Aber einige FP-Sachen können sicher automatisch vektorisieren, ohne die Reihenfolge der Operationen zu ändern.

// clang won't contract this into an FMA without -ffast-math :/
// but gcc will (if you compile with -march=haswell)
void scale_array(float *arr) {
    for (int i=0 ; i<2048 ; i++){
        arr[i] = arr[i] * 2.1f + 1.234f;
    }
}

  # load constants: xmm2 = {2.1,  2.1,  2.1,  2.1}
  #                 xmm1 = (1.23, 1.23, 1.23, 1.23}
.L9:   # gcc8.1 -O3                       # do {
    movups  xmm0, XMMWORD PTR [rdi]         # load unaligned packed floats
    add     rdi, 16
    mulps   xmm0, xmm2                      # multiply Packed Single-precision
    addps   xmm0, xmm1                      # add Packed Single-precision
    movups  XMMWORD PTR [rdi-16], xmm0      # store back to the array
    cmp     rax, rdi
    jne     .L9                           # }while(p != endp)

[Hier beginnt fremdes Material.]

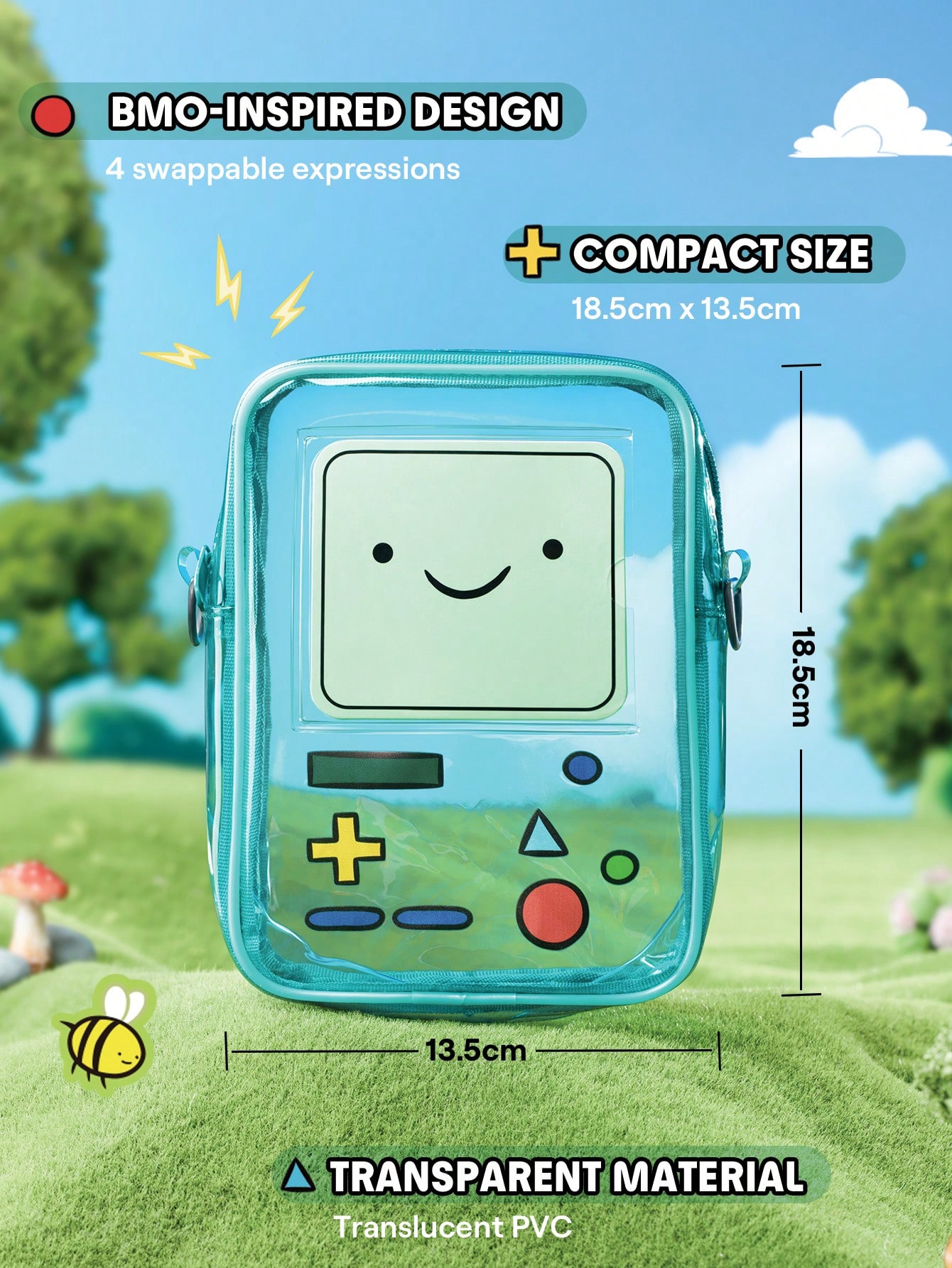 Adventure Time | SHEGLAM ビーモア メイクアップバッグ｜SHEGLAM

Multiplikator = 2.0f führt zur Verwendung addps zu verdoppeln, wodurch der Durchsatz bei Haswell / Broadwell um den Faktor 2 reduziert wird! Denn vor SKL läuft FP add nur auf einem Ausführungsport, aber es gibt zwei FMA-Einheiten, die Multiplikationen ausführen können. SKL ließ den Addierer fallen und führt Add mit dem gleichen Durchsatz und der gleichen Latenz von 2 pro Takt wie mul und FMA aus. (http://agner.org/optimize/und sehen Sie sich weitere Leistungslinks im x86-Tag-Wiki an.)

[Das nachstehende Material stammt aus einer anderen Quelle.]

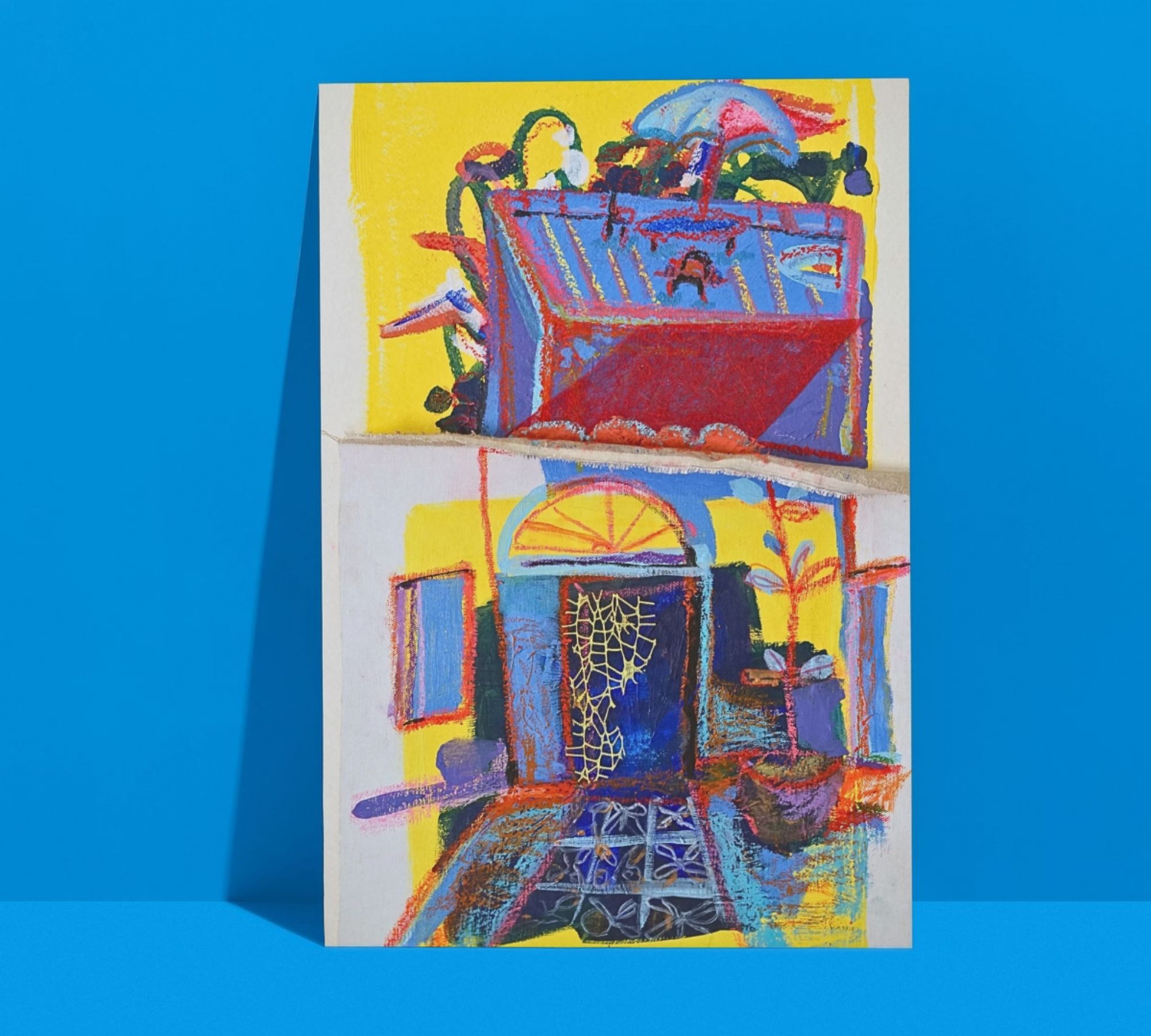 Colorful Riad Art Print Multicolor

Kompilieren mit -march=haswell lässt den Compiler einen einzigen FMA für die Skalierung + Addition verwenden. (Aber clang kontrahiert den Ausdruck nicht in eine FMA, es sei denn, Sie verwenden -ffast-math. IIRC gibt es eine Option, um die FP-Kontraktion ohne andere aggressive Operationen zu aktivieren.)

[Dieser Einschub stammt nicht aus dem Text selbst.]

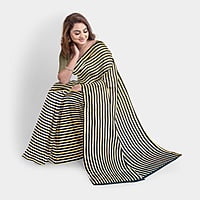 Bollywood Special Tri-Colour Satin Saree with BP Bollywood Special Tri-Colour Satin Saree with BP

  • Compiler verwenden SSE auch an anderen Stellen, die nicht unter den traditionellen Mantel der (Schleifen-)Autovektorisierung fallen würden. Sogar bei -O1 und -Os beide clang und gcc Verwenden Sie beispielsweise SSE/AVX-Anweisungen für Strukturkopien.

    – BeeOnRope

    10. Juni 2018 um 20:31 Uhr

  • ” Spätere Befehlssätze (SSE4, AVX, AVX2, AVX512 und Nicht-SIMD-Erweiterungen wie BMI2, popcnt usw.) müssen manuell aktiviert werden um dem Compiler mitzuteilen, dass es in Ordnung ist, Code zu erstellen, der nicht auf älteren CPUs läuft.” — Was meinst du mit “müssen manuell aktiviert werden” ? Sie meinen, wir müssen die erforderlichen Compiler-Flags übergeben? Oder gibt es einige Einstellungen auf Systemebene, bei denen wir diese Funktionen aktivieren müssen? Ich vermute, es ist ersteres.

    – Nawaz

    26. Juli 2020 um 9:08 Uhr


  • @Nawaz: Ich meine Compiler-Flags, damit Code-Gen sie verwenden kann. Alle Mainstream-Kernel mit SSE-, AVX- und AVX512-Unterstützung setzen die CPU-Steuerregisterbits entsprechend, um sie standardmäßig zu aktivieren.

    – Peter Cordes

    26. Juli 2020 um 15:26 Uhr

  • @PeterCordes Vielen Dank für eine so aufschlussreiche Antwort.